Norfolk is using three goalies at this time with Tokarski, Janus, and Helenius all getting playing time. Tokarski, a fifth round pick in 2008, is the favored netminder. A former Spokane Chief, he was great the past two seasons with 30 wins or more and having a goals against average that was hovering around two. A World Junior Championship veteran, he is the goalie that has made the most starts for the Admirals this season. In four starts, Tokarski is 2-2 with 2.27 GAA and a shutout.
Janus could have returned to the OHL with Erie, but the Lightning had other ideas. The aggressive Slovakian shined in the 2009 World Junior Championships leading his country to upsets of Finland and the United States. A 2009 sixth-round pick, Janus has started one game for Norfolk, giving up two goals in a loss.

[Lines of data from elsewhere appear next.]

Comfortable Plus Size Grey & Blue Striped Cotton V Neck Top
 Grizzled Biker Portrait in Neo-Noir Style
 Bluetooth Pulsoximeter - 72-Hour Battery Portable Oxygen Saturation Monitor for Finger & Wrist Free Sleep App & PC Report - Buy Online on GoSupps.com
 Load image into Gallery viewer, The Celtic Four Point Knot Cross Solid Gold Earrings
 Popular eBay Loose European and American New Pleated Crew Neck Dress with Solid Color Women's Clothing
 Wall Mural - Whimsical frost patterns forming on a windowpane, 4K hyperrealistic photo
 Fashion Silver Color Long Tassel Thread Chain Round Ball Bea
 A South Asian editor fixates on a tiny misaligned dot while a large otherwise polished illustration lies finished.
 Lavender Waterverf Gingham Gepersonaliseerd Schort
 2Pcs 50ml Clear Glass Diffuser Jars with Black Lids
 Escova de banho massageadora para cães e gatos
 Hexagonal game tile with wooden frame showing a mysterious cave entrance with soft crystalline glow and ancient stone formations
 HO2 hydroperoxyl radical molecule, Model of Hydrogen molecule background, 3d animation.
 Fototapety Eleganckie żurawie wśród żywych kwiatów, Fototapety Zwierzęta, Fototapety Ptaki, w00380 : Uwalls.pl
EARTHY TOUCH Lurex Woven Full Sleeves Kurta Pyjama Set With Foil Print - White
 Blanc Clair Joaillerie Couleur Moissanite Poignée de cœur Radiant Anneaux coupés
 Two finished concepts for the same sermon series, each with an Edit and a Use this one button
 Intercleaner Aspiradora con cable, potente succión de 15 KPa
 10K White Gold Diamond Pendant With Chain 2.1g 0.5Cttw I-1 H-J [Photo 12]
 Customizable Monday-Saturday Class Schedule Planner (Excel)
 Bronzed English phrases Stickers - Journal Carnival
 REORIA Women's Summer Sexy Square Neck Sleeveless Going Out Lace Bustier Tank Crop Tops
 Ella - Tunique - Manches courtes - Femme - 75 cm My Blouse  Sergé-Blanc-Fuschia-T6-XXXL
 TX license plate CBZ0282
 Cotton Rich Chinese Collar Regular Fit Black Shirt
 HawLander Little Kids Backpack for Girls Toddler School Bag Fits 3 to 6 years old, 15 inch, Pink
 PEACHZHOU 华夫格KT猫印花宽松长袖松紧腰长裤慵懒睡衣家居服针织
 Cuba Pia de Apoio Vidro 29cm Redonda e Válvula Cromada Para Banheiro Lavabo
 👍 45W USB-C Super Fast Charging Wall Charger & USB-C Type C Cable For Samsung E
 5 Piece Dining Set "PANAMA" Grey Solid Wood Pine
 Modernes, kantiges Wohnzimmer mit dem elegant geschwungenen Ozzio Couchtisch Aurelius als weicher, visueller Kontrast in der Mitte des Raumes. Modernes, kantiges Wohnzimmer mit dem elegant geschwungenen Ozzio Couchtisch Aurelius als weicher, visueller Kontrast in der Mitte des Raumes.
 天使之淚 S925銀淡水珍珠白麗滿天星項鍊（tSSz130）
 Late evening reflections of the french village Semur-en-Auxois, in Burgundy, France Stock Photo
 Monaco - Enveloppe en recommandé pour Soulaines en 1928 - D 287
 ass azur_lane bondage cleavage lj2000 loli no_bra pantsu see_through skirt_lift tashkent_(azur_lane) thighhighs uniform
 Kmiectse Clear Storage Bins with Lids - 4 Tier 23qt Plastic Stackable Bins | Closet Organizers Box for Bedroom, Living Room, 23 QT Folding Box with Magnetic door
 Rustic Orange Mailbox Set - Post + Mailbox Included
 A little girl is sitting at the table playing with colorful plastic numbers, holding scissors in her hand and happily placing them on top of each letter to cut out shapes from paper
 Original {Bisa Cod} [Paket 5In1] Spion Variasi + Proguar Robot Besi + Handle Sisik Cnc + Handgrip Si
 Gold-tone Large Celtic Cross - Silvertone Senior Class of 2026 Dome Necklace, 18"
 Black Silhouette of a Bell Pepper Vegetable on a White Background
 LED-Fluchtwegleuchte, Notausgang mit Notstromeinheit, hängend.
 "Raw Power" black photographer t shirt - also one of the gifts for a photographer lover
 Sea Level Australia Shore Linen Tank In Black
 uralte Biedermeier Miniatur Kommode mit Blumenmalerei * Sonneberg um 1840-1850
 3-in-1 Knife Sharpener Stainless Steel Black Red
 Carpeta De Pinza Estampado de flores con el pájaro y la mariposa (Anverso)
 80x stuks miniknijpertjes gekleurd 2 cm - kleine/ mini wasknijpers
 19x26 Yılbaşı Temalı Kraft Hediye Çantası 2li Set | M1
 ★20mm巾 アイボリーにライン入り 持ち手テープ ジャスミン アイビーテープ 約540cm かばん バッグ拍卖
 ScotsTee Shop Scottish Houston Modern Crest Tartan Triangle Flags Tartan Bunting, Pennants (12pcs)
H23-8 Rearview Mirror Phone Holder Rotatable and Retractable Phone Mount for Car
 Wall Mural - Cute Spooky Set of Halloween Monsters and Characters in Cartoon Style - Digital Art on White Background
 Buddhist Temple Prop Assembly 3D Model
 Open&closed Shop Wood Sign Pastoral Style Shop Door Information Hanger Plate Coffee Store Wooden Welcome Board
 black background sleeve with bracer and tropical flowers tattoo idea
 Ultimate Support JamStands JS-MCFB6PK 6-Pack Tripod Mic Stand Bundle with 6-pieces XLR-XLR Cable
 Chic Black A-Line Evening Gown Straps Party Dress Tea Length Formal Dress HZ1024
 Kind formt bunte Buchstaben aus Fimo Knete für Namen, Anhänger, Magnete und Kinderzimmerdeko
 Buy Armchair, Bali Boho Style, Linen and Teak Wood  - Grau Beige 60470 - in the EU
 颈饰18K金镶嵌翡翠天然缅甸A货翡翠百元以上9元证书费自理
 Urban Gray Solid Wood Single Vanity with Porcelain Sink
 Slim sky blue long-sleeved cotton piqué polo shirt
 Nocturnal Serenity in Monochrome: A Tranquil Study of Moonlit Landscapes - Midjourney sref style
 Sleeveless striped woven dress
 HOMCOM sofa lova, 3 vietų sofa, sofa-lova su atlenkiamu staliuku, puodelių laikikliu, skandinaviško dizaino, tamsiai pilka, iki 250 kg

The former first-round pick in 2006, Helenius needs to assert himself. He had a good campaign for Seattle in the WHL in 2007-08. Last season, the Finnish native bounced around from Tampa to Norfolk to Augusta to Elmira to Mississippi. A butterfly goalie who has stickhandling that is lacking, he has played in one game for Norfolk this season with one loss and two goals allowed. He could see time in the ECHL again this year, but it’s unclear where, as the Lightning no longer have an ECHL affiliate.
Michael Zador is a good distance away from the pros right now. A backup on both Oshawa and London in his career, the Toronto native was drafted in the fifth round of 2009 because of his fine play in the Under 18 World Championships. An inconsistent goalie so far, Zador is splitting time in Oshawa this season with Keven Bailie (2010-eligible). The better goalie on the team, Zador is 6-1-1 with a 2.98 GAA and .903 save percentage.